The first week of June saw the 2025 meeting of the Canadian Astronomical Society (CASCA), with this year's conference taking place in Halifax, NS. Hundreds of astronomers from across Canada met to discuss the most recent discoveries in astronomy, including a large contingent from the Waterloo Centre for Astrophysics!
Assistant professor Dr. Lisa Dang, the WCA's newest faculty member, was one of CASCA's invited speakers this year, and started the week with an excellent talk about her research on some of the most extreme types of exoplanets -- hot Jupiters and lava worlds -- which orbit very close to their host stars.
The schedule was packed with contributions from WCA members, with postdoctoral researchers Ian Roberts, Lammim Ahad and Ana Ennis presenting their work on galaxies, galaxy clusters, and planetary nebulae, respectively.
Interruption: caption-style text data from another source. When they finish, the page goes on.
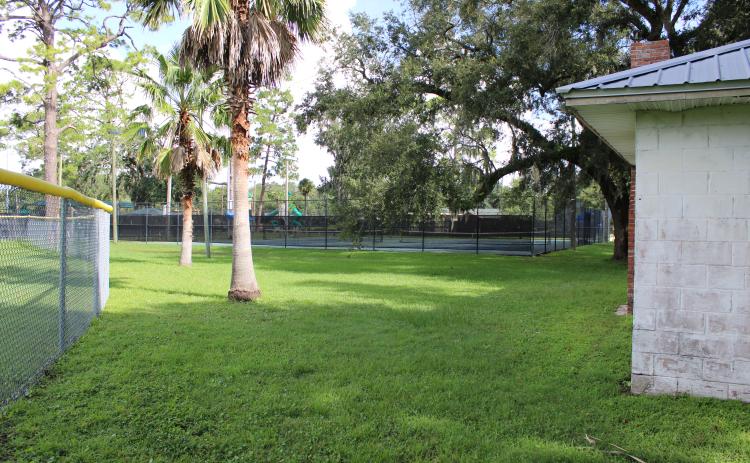 The proposed location of the new lift station is in what Utilities Director Andre Desilet called a “dead space,” a triangular space between the ball field, tennis courts and Boy and Girl Scout facilities and a garden area called Volunteer Grove. Photo by Julia Roberts/News-Leader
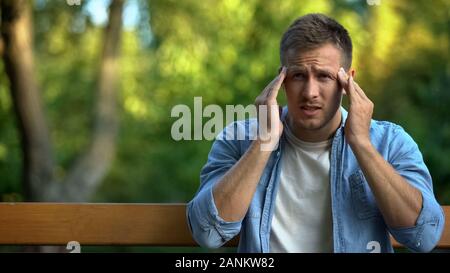 Stressed man massaging temples feeling headache, exhaustion symptom, pain Stock Photo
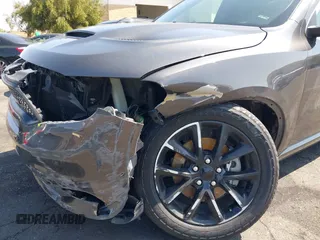 2018 Dodge Durango R/T with VIN 1C4SDHCT7JC451590, listed as a IAAI auction lot 42218120 with 81,254 mi miles and . Bid and sale history available at DreamBid. Image 6.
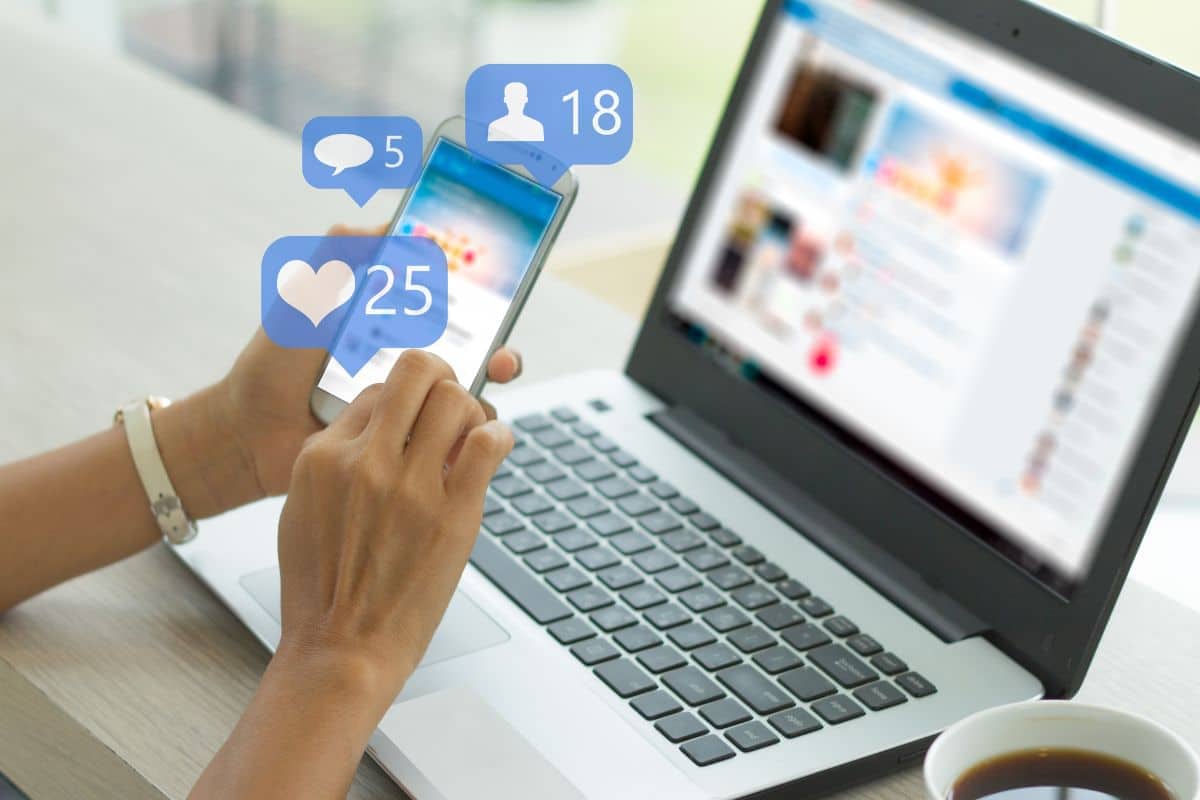A lady using social media on her laptop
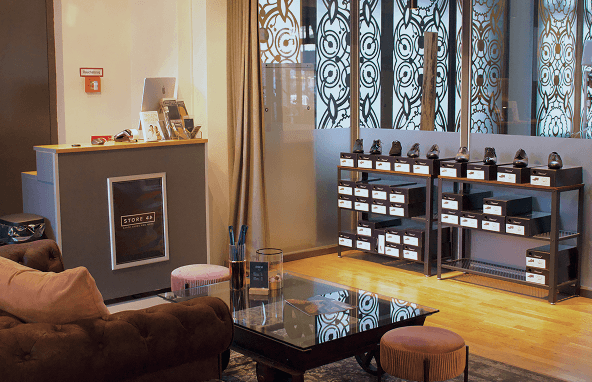 Modern eingerichteter Verkaufsraum mit Schuhregalen, gedämpfter Beleuchtung, Couch und Glastisch auf Holzboden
WCA graduate student Marie-Joëlle Gingras also gave a talk about her research on the dynamics of active galactic nuclei.

It's important for astronomers to have something to discuss over a cup of coffee, so postdocs Liza Sazonova, Ashley Bemis and Roan Haggar contributed three of the nearly 100 posters that made up the CASCA poster hall. There was a particular buzz around Liza's three-dimensional poster on galaxy evolution!
The week drew to a close with WCA graduate student Cameron Morgan being awarded the CASCA Graduate Student Committee award for the best talk, for his presentation on how star formation is quenched in the Virgo galaxy cluster. Congratulations Cam!

Thank you to Saint Mary's University for hosting this year's annual meeting, we're looking forward to CASCA2026 in Montreal!